## WORK TO COMPLETE:
Any images in the records should be skipped; transcribe the rest exactly.
Segment Start: MATERIAL SUPPLIED
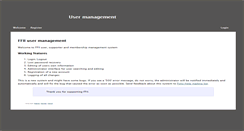 Desktop Screenshot of members.ffii.org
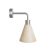  Fermaluce lamp with wooden cone-shaped lampshade and curved arm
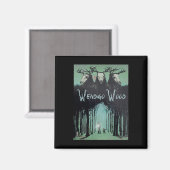 Geist des Waldes Kryptid Wendigo Wald Magnet (Vorderseite/Rückseite)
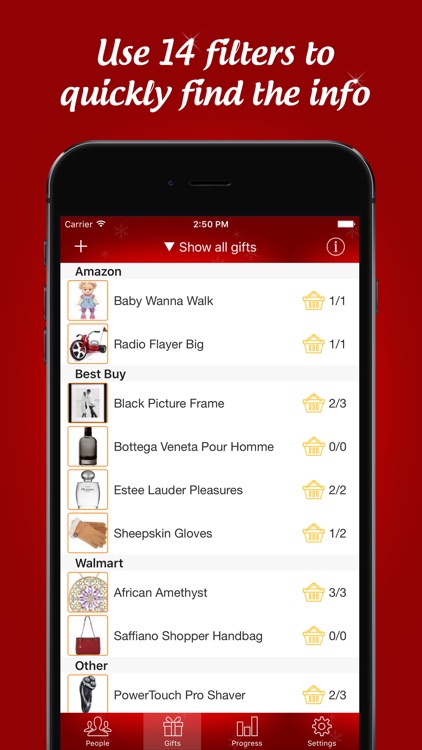 The Christmas Gift List - Holiday Shopping List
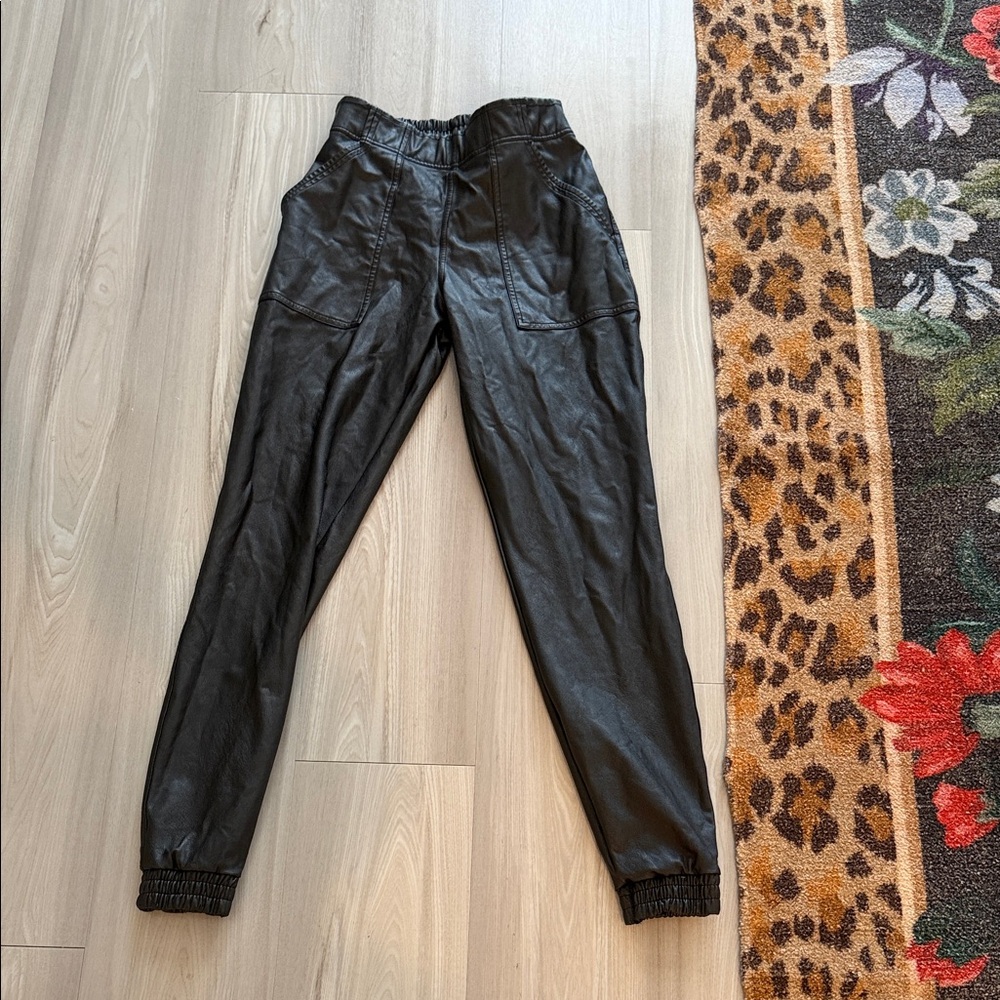 SPANX Black Track Pants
Segment End: MATERIAL SUPPLIED
## SOLUTION:
 Desktop Screenshot of members.ffii.org
  Fermaluce lamp with wooden cone-shaped lampshade and curved arm
 Geist des Waldes Kryptid Wendigo Wald Magnet (Vorderseite/Rückseite)
 The Christmas Gift List - Holiday Shopping List
 SPANX Black Track Pants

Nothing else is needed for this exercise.